The 701 showed up in showrooms in 2015; the version I rode was the updated 2017 model, with only slight changes over the original model and a list price of $14,049.

What’s new

Visually, the new 701 is barely changed over the outgoing model. Most of this year’s updates were aimed at making the machine compliant with the Euro4 emissions standards. This meant Husky included a new 50 mm Keihin throttle body and made some top-end changes, which had a pleasant side effect: the engine makes more power now. Max output is now 74 hp at 8,000 rpm (up 6 hp) and 52.6 ft-lb of torque at 6,750 rpm (up 4.4 ft-lb).

That means the 701 is the most powerful single-cylinder machine in our market (the 690 Duke R makes 75 hp, but is not available in Canada). That power doesn’t equal a rougher ride, though; vibrations are kept in check with a secondary balancer shaft. Now, the engine redlines 1,000 rpm higher thanks to the updates, which accounts for the horsepower gain.

The power delivery is also smoothed out with a throttle-by-wire mechanism with no mechanical linkages.

Another important change: Husqvarna’s previous versions of this bike included selectable engine modes. There was considerable online griping about the adjustment mechanism, which was only accessible by removing the seat. Husqvarna has silenced the critics by deleting the feature from the 2017 model.

This sort of open gravel road was where the Husky felt most at home. Photo: Ken Washburn
The Ride

Less than a minute into my first ride aboard the 701 Enduro, I knew the machine would be a wild ride. I grabbed a fistful of throttle leaving Adair’s Wilderness Lodge, then backed off, and saw the handlebars quickly get squirrelly. Interesting…

You’re getting a complete package when you buy this Husqvarna. It has great brakes, high-quality suspension, lots of power, razor-sharp handling and it’s very light. That means you’ve got to pay more attention than you do on board your old KLR. However, it also means you can absolutely rail on this machine if the street or trail permits.
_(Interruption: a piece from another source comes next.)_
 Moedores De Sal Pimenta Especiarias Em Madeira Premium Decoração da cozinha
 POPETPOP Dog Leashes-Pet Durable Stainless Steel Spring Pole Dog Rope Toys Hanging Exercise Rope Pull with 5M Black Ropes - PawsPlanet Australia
The 701’s incredibly smooth engine makes it a dream to ride aggressively on back roads; you’re able to push the bike far beyond what you’d expect of a thumper (the slipper clutch smooths things out too). The gearshift lever throw is a bit long, but you get used to that quickly. There’s a lot of power on tap, and all without the usual hours of carb tweaking and the annoyingly loud exhaust necessary for performance improvements on your garden-variety 650 duallie. This machine will challenge your preconceptions of what a single-cylinder engine can do.
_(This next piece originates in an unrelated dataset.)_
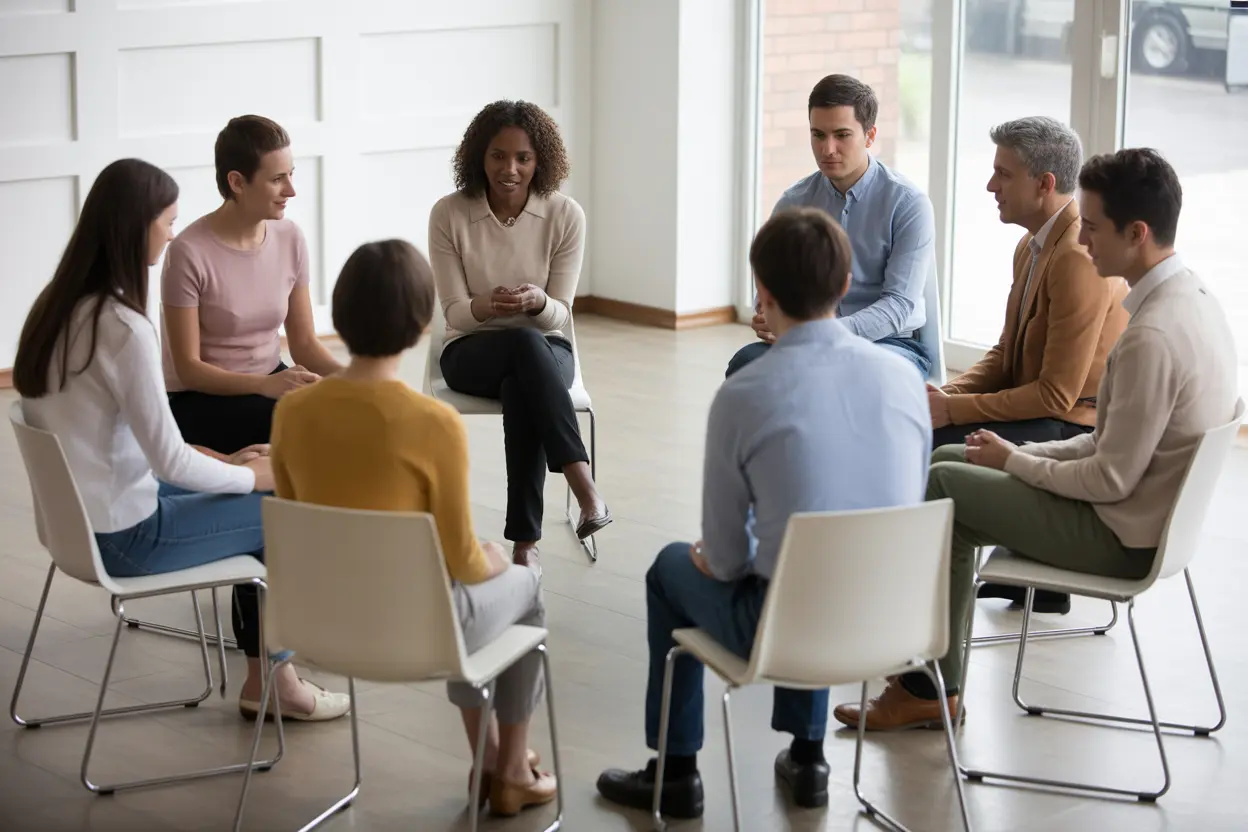 A supportive group therapy session in a bright, welcoming room, symbolizing community in rehab.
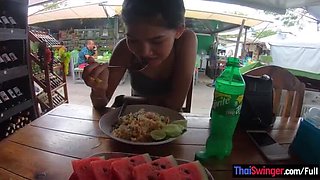 Hot Thai teen amateur gets fucked hard by big cock after lunch - POV blowjob & doggystyle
That factory skid plate and the heavy-duty barkbusters mean the 701 is pretty well-equipped for off-road work straight from the showroom.

Although the suspension is definitely on the stiff side, it keeps the power to the ground nicely, and you’re able to flick the bike nicely through the twisties. Although it’s rated at 145 kg (dry weight), the attention paid to mass centralization pays off. That’s a light bike, but it feels even lighter thanks to touches like a rear-mounted fuel tank.

If you want to move around on the seat, it’s easy: the oddly-styled pad extends further forward than any other motorcycle seat I’ve used (which might make aftermarket replacement complicated), allowing you to get your weight way, way forward. That helps, if you’re into hooligan riding. And you’re probably going to want to move around on the seat anyway because it isn’t super-comfortable (although better than some of the 650-class competition).

My only real complaint for street riding was the handlebar twitch I mentioned earlier. I had this happen several times, and I suspect the 701 would benefit from a steering damper. This isn’t rare with European enduros.

The 701 has a very narrow profile up front, which helps in the tighter stuff.

Most people aren’t buying this machine for the street, though (that’s where the 701 Supermoto model comes in). Everyone I talked to wanted to know about the bike’s performance in the dirt.

Off-road, the 701 is a good-and-bad, Jekyll-and-Hyde affair. Or, maybe it’s all Mr. Hyde (remember, he was the villain in the story). On the open trails, you’re able to harness all that brutish nature, flogging this beast to your will. Thanks to the fully-adjustable WP suspension, you’re able to keep all that power to the ground; my test bike had Michelin Desert Race tires, and I never felt like I lacked traction.

Along with forks and shock, a few design features make the 701 much more dirt-friendly than the competition. For one, the bike comes set up for off-road use out of the crate, with proper handguards and a skid plate. With the fuel tank in the back, the front end is quite slim and the radiator is nicely tucked away, out of harm’s way.

The 701 also has switchable ABS, a feature lacking from even some pricier adventure bikes. 

The trouble with the 701 Enduro is that when the trail narrows, you can’t change basic physics. This machine is still heavy by trail bike standards, and it’s tall (910 mm seat height). There’s no way to smooth out power delivery when you’re in tight quarters, with the engine mapping feature deleted. Accidentally grab a fistful of throttle while you’re single-tracking, and you’re into the weeds.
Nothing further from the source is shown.